Gracias a un marco legal especial, el estado ecuatoriano protege al archipiélago a través del PNG. El parque ha logrado, hasta ahora, que no se le vayan los frenos a la industria del turismo, y que coexistan distintas ofertas de alojamiento y guianza. Están las más exclusivas, que incluyen tours de dos semanas en crucero por todas las islas. Y las hay algo más austeras, pero no por ello económicas.

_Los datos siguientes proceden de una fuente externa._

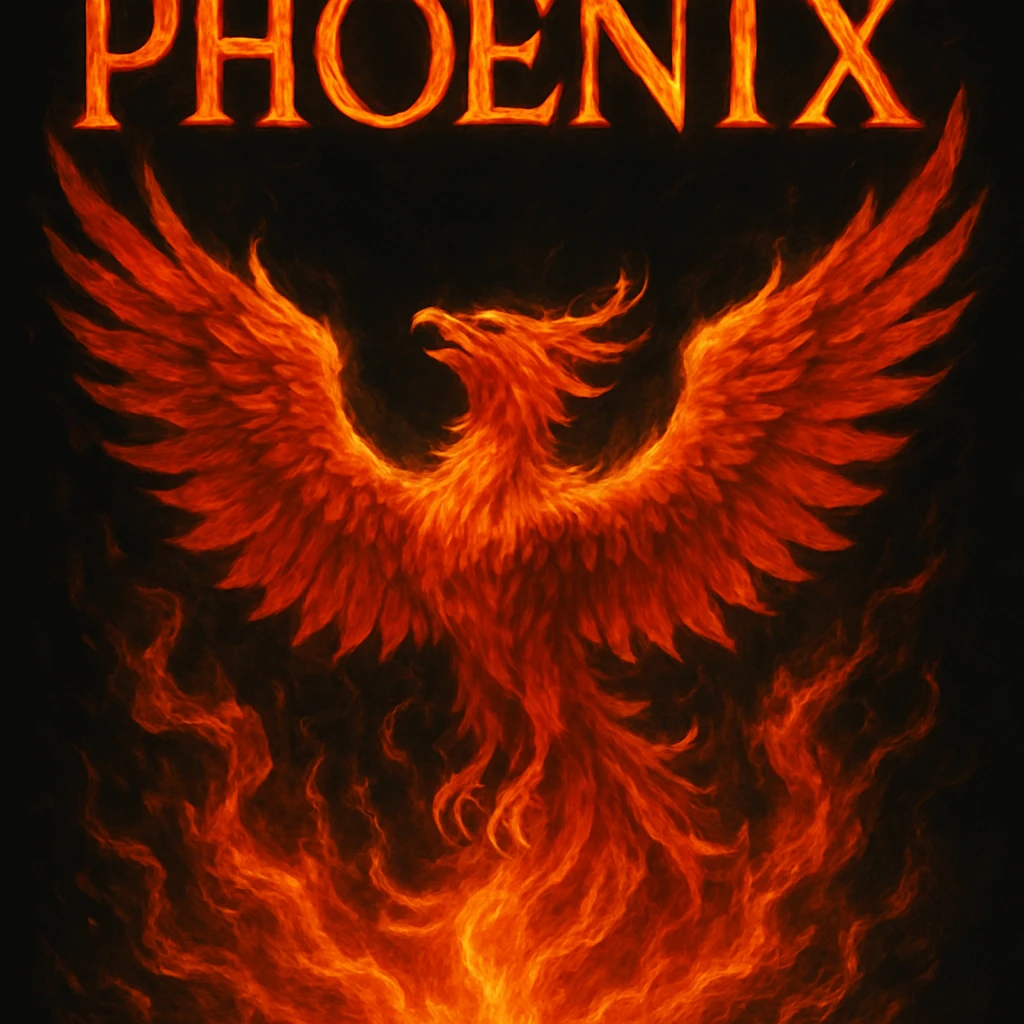 make image of phoenix with title, black background emoji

En este caso, una semana es suficiente para visitar algunos de los lugares más representativos del archipiélago: Española, hábitat de varias especies de aves marinas; Fernandina e Isabela, con las comunidades de pingüinos más grandes de Galápagos; Bartolomé, el islote más fotogénico, según consenso general; Seymour, repleta de iguanas terrestres y punto de anidación para las fragatas y los bellos piqueros de patas azules.
El Monte Pitt, en San Cristóbal, fue la primera tierra de Galápagos que avistó Charles Darwin, y Playa Baquerizo la bahía donde atracó la expedición del Beagle, el barco en el que viajó el científico inglés durante cinco años. En su Viaje de un naturalista alrededor del mundo, el entonces joven Darwin dice haber visto a su llegada a Galápagos picos volcánicos que emergían del Océano Pacífico, especies que no conocía y unos cuantos habitantes humanos. En una entrada de su diario, escribe: “El clima no es en extremo cálido, teniendo en cuenta que están las islas bajo el mismo Ecuador, y esa circunstancia se debe sin duda a la muy baja temperatura de las aguas que las rodean, que están muy mezcladas con la gran corriente polar del sur. Llueve raras veces, fuera de una estación cortísima, y aun en ésta con poca regularidad”.

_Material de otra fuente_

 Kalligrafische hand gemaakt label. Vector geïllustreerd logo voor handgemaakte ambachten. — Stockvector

Ese laboratorio vivo de la evolución que fueron las Islas Galápagos para Darwin, es una joya a la que hay que seguir cuidando, porque a medida que el mundo se globalice más y el cambio climático se agudice, su futuro como ecosistema conservado y ambientalmente sostenible será cada vez más incierto. No obstante ser hoy ejemplo mundial de restauración y conservación ecológica, sin nuevos recursos económicos para el desarrollo científico y social, y sin el coto necesario a la expansión turística, las Islas Galápagos podrían dejar de ser uno de los santuarios naturales mejor conservados del planeta.